Joanne: It’s clear that technology is a big part of decarbonisation. I imagine that means that the types of roles and skillsets required on the job site will be changing. What does the future of mining work look like for you Tony?
Tony: I think the 40-hour work week is going to become obsolete and the way people work is going to change. Moving forward, we will start to see workplaces with schedules that are more flexible and allow people to enjoy a better work-balance. When people have a better balance in their lives, they are more comfortable, can be more creative and are quicker on their feet. Because we are in a culture of information overload where people are attached to their devices all the time, we need to ensure people can focus and multitask in a way that is comfortable and productive for them.
Joanne: I agree. Given that the critical inputs that will enable the energy transition lie within the mining field, I think that could really resonate with the younger generation. How do you think we can attract the next generation to come and work in this industry?
Tony: Somebody once asked me: What is sexy about the mining industry? From my perspective, it’s the versatility. There are a lot of interesting and impactful roles to do in this industry. You can be an environmentalist, an engineer, a mechanic, an electrician, a labourer, or a truck driver.
Take for example, the tradesperson. The future tradesperson will need to understand the mechanical aspects of our applications as well as the new technologies that are being put in place. The traditional heavy-duty mechanic or millwright that carries a big toolbox around will still exist, except that they will also be carrying a tablet and digital readers for monitoring equipment.
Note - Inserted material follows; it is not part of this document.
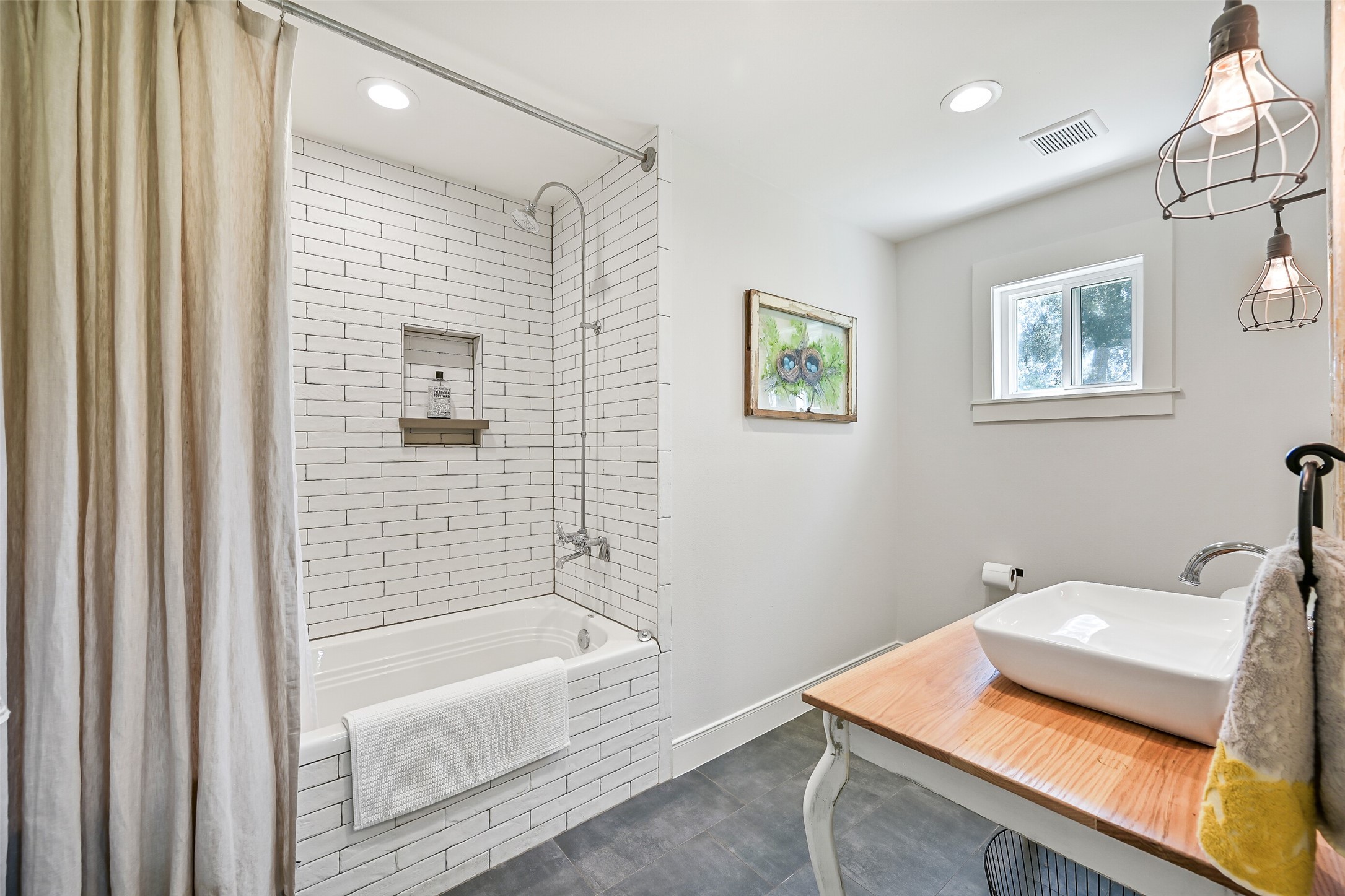 3042 Poskey Road Anahuac, TX 77514 - Photo 21 of 50 a bathroom with a sink and a bathtub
In the digital age, it is a very exciting time in terms of what the role of a tradesperson will involve.
The other part of our industry that I have always found exciting is that we travel to sites that are in some incredible locations that are one in a lifetime to visit. You can see the Northern lights in Nunavut. You can see the outback in Australia. You can experience the culture and the lifestyle in Mexico. You get to experience the community and the geography in those regions.
Joanne: Absolutely. Some of the most memorable trips in my career have been to mine sites in remote locations. Those were very eye-opening experiences. To close off our conversation, could you share what you would consider to be one key piece of leadership advice for those aspiring to work in this industry?
Tony: The best advice I have is to always look for the truth and say what needs to be said, even if its not what people want to hear. When we stay honorable, live up to our word, and hold ourselves to high standards, we prosper.